Six to twelve hours before, put the chickpeas in a medium bowl with plenty of water to cover, and leave to soak. If you find you have been soaking the chickpeas for 12 hours but can’t cook them right away for some reason, seek shelter as the skies are about to cave in. (Okay, not really: just drain, rinse, drain again,and place in a container in the fridge until ready to cook, up to a day or so.)
Drain and rinse the chickpeas. Place them and the kombu in a pressure cooker, cover with cold water by 2 to 3 cm (1 inch), close tightly and set over high heat. When the target pressure is reached, lower the heat to medium and cook for 45 minutes*, until the chickpeas are very soft.
Note 1: You can also simmer the chickpeas in a regular pot with a lid, checking the water level and adding more when it runs low. It will take about 1 hour and 30 minutes from the moment the water simmers.
Note 2: I always cook a double or triple amount of chickpeas, and freeze the excess in one or two containers (with some of the cooking liquids to keep them moist) for a quick batch of hummus on a later date.
Drain the cooked chickpeas, reserving the cooking water. Discard the kombu.
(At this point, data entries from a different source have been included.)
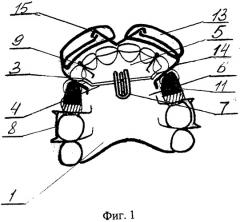 Аппарат для лечения гнатической формы мезиальной окклюзии у подростков (патент 2547794)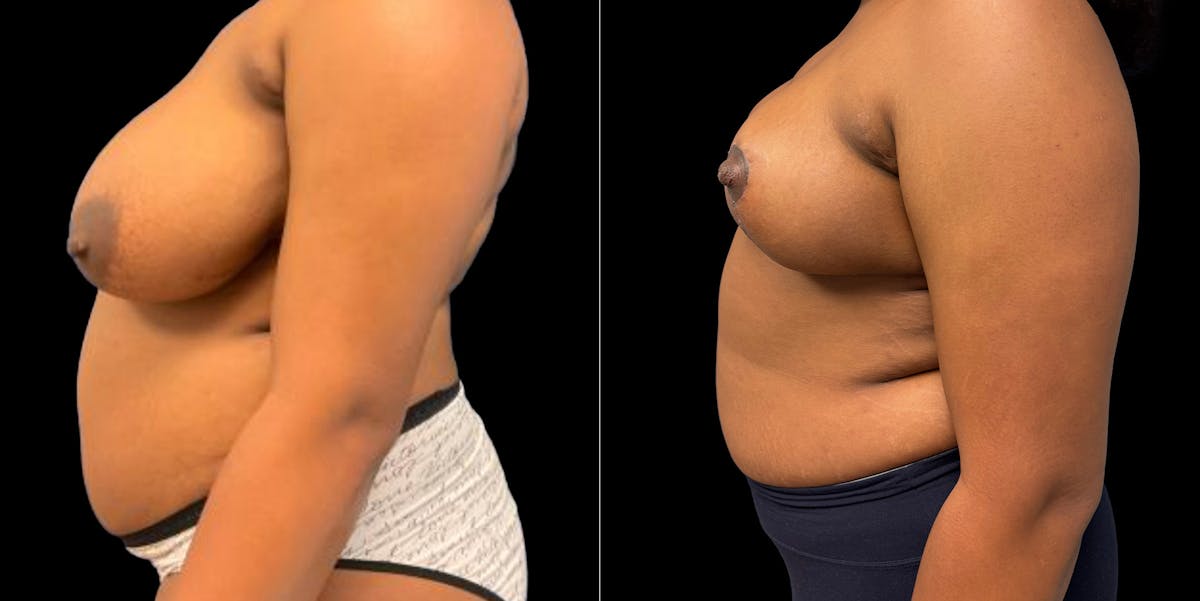 Breast Reduction Before & After Gallery - Patient 633632 - Image 5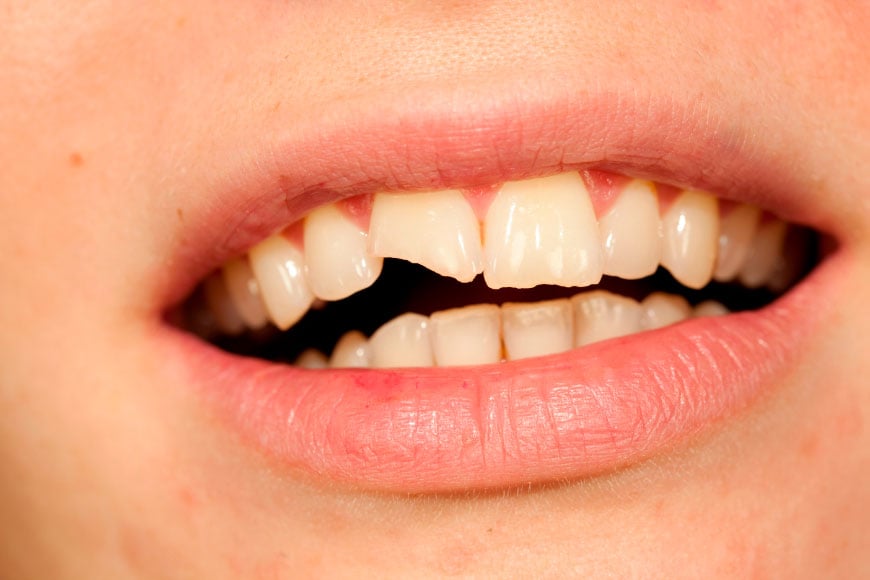 Close-up de boca aberta mostrando dente da frente quebrado com rachadura visível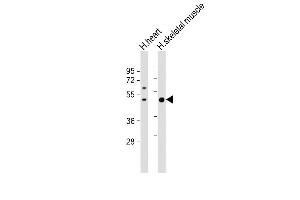 All lanes : Anti-ISLR Antibody (C-term) at 1:1000 dilution Lane 1: human heart lysate Lane 2: human skeletal muscle lysate Lysates/proteins at 20 μg per lane. (ISLR antibody  (C-Term))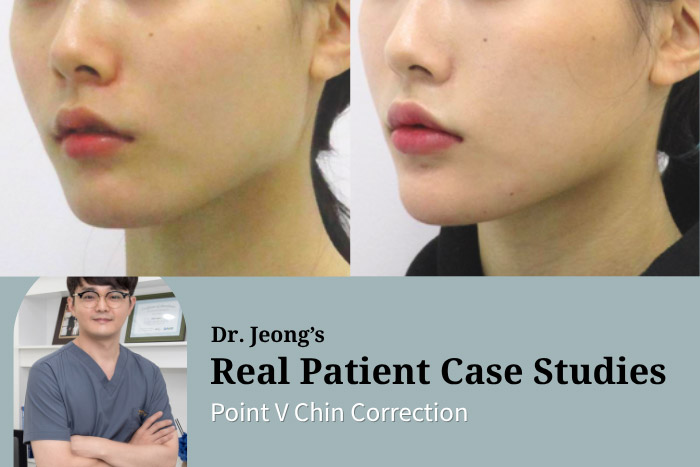 Point V Chin Correction — Non-Surgical Thread-Based V-Line Chin Contouring for a Slimmer, More Symmetrical Chin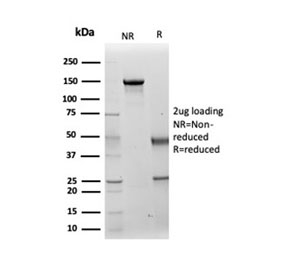 SDS-PAGE analysis of purified, BSA-free Cytokeratin 14 antibody (clone KRT14/4131) as confirmation of integrity and purity.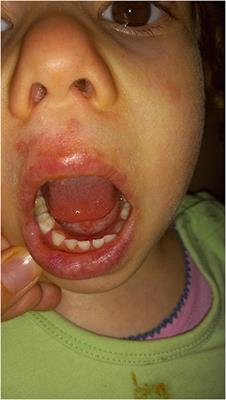 Case Report: Early Onset Systemic Lupus Erythematosus Due to Hereditary C1q Deficiency Treated With Fresh Frozen Plasma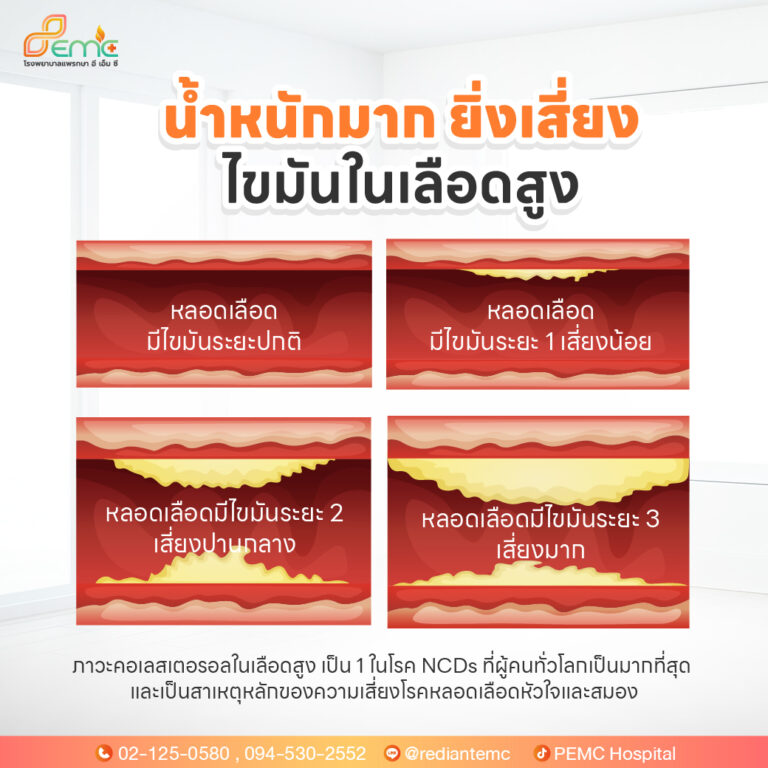 ไขมันในเลือด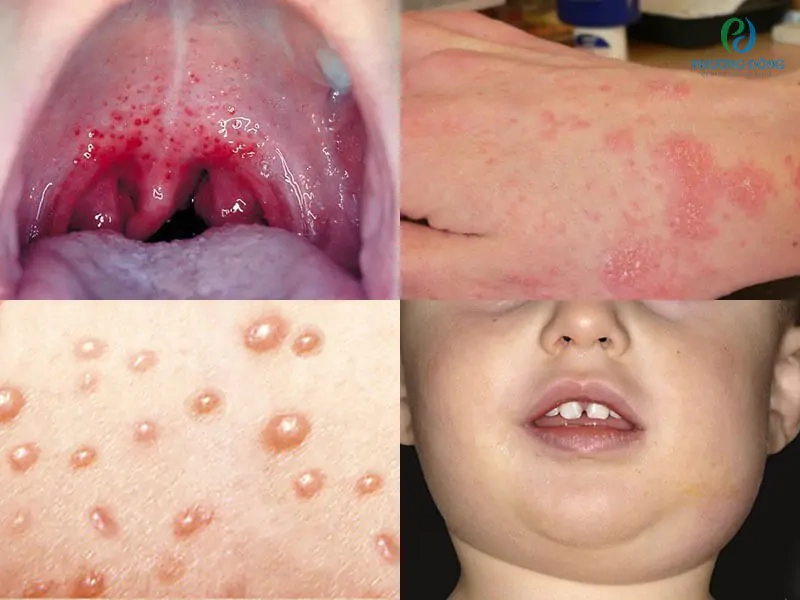 Tìm hiểu hình ảnh bệnh viêm cầu thận và các biến chứng nguy hiểm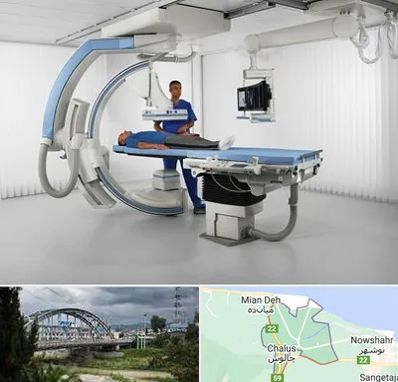 فلوروسکوپی در چالوس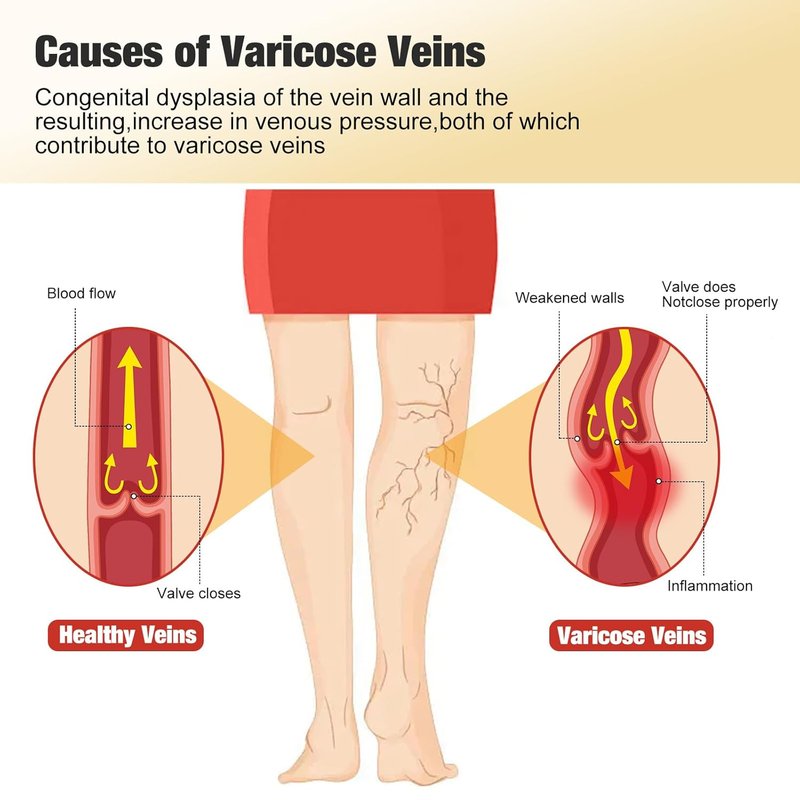 Varicose Veins Patch - 36PCS Turmeric Treatment for Legs | Natural Spider Vein Relief & Enhanced Circulation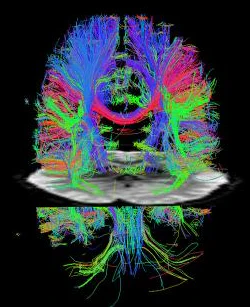 Advance in MRI allows faster brain scans | AuntMinnie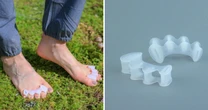 How toe separators help with foot pain, according to foot surgeons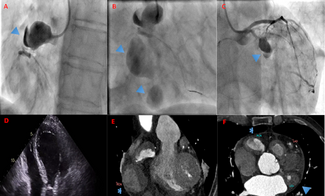 Figure.  (A) Angiogram of the right coronary artery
Put the drained chickpeas in a blender or food processor with the rest of the ingredients, from garlic to cumin, and 80 ml (1/3 cup) of the cooking water. Process for several minutes until very smooth; this works best when the chickpeas are still relatively warm. Add more cooking water as needed to get a creamy consistency. The hummus will thicken when chilled, so err on the side of thin.
Taste and adjust the flavor to suit your taste, adding more lemon juice, or tahini, or salt, or hot sauce, or cumin.
Cover and refrigerate. The flavor will have deepened the next day.
Transfer to a serving bowl, drizzle with a good olive oil, and serve with pita triangles, carrot sticks and/or slices of black radish.
* This cooking time applies to traditional pressure cookers. If you have a modern one that reaches a higher pressure, you may be able to get away with a cooking time of 20 minutes.